Lani, thanks for sharing. I think I've been so impressed with the gay-tolerance overall here that I failed to consider the older generation. Before I wrote this, I did speak with a few Thai friends who said if there is anyone less tolerant, it may be the older generation, but they didn't know anyone personally or under 30 who was that way. It's interested to hear your stories. In my experience in schools, the children seem completely accepting and I have never witnessed any segregation. I suppose there are always exceptions.

Anonymous said...

Actually being gay isn't always accepted by Thais. Certainly not if you're in the army or a teacher. Some parents do accept, but only if their offspring produces grandchildren.
Most do not mention it to their family. A 'don't ask, don't tell' attitude exists.
It's true there's not so much of the bullying, but that doesn't mean it's totally okay in this society.

Unknown said...

Thanks for your comment. It's always interesting to hear another perspective. I suppose I was being a bit too optimistic. No society is perfect, I've just been extremely impressed coming from the world I grew up in.

Asia Pundits said...

Hi this is a great article. I was wondering if you would be interested in running it as a guest post at the site I run - www.asiapundits.com. We run a variety of posts on life in Asia and this fits the bill. If you are interested get in touch with me at asiapundits@gmail.com. We would be willing to run a bio for you and a link back to the original article. Please let me know what you think. Cheers!

Unknown said...

Great post. Even I'll have to admit that the part you said "[straight] high school boy students lay all over each other, sit on each others' laps and touch each other in ways..." is very...very true. I'm Thai and I play like that with my friends a lot. I've always thought that this is normal, this surprise me that it's not at all. I believe that current generation doesn't discriminate against gay that much, though some or many people might not like them, they still wouldn't do anything like protesting or hating them or whatsoever. Most people who are freinds with gay stay that way. Hell, most gay celebities are accepted by most people.
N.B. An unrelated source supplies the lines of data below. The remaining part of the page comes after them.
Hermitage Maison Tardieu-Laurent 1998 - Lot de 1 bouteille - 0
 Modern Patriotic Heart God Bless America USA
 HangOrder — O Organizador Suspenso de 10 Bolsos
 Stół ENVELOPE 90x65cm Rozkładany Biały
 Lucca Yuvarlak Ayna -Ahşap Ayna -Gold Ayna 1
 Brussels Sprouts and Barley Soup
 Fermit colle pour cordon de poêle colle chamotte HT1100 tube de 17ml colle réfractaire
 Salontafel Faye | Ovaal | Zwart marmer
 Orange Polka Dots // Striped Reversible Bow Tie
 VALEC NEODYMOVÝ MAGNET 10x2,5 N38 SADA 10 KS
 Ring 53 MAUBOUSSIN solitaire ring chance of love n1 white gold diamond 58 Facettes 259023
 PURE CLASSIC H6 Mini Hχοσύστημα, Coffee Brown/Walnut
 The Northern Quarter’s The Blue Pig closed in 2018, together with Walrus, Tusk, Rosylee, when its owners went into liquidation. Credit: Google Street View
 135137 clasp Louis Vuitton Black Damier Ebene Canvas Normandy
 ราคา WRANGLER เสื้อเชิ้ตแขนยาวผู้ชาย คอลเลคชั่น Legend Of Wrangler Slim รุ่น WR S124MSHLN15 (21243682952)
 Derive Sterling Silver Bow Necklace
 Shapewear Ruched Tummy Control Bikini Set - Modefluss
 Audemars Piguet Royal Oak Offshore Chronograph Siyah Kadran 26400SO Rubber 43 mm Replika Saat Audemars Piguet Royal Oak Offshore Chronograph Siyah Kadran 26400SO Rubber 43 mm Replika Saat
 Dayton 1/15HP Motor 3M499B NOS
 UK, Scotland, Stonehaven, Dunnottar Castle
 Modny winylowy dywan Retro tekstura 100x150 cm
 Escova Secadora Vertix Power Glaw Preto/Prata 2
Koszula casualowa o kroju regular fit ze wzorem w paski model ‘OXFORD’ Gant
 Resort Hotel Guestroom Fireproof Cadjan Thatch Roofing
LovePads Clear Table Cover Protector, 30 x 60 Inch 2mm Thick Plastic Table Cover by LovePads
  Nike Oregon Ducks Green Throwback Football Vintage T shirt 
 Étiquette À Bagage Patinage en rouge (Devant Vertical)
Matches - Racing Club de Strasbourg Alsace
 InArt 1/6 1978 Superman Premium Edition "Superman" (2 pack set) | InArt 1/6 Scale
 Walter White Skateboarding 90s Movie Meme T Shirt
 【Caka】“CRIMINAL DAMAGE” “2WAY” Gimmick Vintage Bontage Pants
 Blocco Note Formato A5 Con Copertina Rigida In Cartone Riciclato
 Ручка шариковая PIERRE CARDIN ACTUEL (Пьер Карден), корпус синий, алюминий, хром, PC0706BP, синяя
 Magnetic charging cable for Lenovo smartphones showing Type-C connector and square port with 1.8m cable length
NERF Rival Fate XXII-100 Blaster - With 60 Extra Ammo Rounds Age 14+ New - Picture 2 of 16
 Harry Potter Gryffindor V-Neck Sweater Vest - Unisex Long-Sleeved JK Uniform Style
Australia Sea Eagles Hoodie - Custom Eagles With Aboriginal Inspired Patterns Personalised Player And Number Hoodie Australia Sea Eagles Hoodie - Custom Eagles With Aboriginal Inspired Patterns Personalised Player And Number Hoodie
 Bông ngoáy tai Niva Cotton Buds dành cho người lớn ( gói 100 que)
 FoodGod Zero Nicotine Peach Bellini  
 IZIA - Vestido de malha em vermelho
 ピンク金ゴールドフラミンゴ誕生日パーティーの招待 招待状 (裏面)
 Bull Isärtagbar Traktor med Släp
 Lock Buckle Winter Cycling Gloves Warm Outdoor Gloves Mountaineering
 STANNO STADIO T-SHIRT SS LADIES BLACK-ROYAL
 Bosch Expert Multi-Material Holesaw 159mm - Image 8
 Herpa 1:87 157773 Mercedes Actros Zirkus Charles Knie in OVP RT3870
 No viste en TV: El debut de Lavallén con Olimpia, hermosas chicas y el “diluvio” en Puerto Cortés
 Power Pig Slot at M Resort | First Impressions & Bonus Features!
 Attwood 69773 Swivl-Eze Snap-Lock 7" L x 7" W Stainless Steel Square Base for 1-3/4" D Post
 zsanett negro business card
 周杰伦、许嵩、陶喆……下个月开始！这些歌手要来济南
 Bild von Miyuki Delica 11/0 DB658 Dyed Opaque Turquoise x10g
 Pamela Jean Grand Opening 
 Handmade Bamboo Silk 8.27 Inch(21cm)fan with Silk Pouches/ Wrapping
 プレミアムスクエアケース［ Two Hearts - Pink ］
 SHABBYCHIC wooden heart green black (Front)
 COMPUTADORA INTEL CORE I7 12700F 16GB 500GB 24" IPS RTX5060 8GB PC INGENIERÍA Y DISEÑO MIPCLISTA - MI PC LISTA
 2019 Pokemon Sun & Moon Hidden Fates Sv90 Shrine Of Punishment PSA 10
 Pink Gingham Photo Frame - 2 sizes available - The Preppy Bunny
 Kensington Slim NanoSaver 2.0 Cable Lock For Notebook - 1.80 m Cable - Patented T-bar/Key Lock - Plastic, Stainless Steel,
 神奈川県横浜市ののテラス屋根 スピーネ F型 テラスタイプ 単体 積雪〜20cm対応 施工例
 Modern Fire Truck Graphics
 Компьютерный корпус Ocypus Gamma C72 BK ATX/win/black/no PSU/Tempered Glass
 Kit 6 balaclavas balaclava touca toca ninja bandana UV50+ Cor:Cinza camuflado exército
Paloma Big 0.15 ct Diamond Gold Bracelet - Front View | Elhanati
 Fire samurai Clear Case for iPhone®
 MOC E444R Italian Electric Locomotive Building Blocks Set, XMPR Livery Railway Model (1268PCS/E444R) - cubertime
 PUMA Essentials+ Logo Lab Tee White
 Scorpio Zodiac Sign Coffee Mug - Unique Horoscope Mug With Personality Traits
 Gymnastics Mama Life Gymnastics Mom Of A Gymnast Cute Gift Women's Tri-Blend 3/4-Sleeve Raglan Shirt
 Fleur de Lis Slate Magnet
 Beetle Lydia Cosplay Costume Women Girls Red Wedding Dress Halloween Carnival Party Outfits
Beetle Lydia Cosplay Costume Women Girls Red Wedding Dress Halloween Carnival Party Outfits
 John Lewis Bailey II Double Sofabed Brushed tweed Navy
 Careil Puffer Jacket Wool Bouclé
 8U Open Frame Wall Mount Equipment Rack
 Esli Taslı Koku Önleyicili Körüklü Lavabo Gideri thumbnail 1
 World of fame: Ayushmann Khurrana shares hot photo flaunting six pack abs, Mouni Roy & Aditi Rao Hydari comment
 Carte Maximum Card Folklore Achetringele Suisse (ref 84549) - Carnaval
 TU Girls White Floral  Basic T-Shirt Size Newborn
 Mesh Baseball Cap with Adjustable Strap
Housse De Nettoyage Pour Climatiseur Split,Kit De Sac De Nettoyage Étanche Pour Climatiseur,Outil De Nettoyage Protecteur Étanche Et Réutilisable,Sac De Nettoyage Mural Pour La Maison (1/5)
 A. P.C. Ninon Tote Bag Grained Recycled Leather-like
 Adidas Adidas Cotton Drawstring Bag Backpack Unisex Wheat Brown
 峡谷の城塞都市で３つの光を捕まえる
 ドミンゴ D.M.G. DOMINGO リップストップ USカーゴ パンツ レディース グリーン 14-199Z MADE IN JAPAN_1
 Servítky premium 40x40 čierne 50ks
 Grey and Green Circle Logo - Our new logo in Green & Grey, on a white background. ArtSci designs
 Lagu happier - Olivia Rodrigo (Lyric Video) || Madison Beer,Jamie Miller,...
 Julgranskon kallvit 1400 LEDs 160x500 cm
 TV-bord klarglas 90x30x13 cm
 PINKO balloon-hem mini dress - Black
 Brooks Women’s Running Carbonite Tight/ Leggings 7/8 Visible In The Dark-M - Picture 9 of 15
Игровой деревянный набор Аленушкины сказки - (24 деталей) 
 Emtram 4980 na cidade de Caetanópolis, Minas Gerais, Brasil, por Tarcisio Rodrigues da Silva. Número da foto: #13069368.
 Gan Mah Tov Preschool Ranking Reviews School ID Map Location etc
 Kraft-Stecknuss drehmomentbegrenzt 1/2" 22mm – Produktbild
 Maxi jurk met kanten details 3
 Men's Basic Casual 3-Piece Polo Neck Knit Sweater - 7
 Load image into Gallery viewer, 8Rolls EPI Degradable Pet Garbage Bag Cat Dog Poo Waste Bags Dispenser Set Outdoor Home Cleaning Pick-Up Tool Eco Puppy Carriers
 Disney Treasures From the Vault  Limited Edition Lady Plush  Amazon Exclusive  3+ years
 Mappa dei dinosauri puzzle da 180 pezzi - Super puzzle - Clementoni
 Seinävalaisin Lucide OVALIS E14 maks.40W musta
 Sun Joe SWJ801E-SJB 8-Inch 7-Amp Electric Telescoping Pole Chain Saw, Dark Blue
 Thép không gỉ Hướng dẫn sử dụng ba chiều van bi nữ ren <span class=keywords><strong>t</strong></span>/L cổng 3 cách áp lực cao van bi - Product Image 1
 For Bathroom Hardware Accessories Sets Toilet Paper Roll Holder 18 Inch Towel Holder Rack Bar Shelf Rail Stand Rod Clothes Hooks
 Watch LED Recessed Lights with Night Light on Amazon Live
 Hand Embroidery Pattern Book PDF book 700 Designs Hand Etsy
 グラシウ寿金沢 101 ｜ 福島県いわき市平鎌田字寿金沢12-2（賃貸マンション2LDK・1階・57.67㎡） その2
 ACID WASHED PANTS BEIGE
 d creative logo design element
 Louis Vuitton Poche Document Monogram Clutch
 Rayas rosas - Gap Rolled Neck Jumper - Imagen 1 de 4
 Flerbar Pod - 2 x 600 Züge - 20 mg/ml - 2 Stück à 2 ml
And about what Lani said, that really depends on the parents, but for this generation itself it's not much of a problem I think. True in some areas they don't accept gay, but those areas are pretty specific about what they do like in the army.

Unknown said...

Thanks for commenting, Krit. This topic can be very sensitive, and though I was just stating my opinion, I didn't want to make assumptions or offend. It's nice to hear that your experience was in line with my observation. And what is "normal" anyway? Normal is subjective; up to each person, culture, country, etc. Acting in such a way IS normal in Thailand, and I really respect and miss that about Thailand. Thanks again for reading and responding, Krit!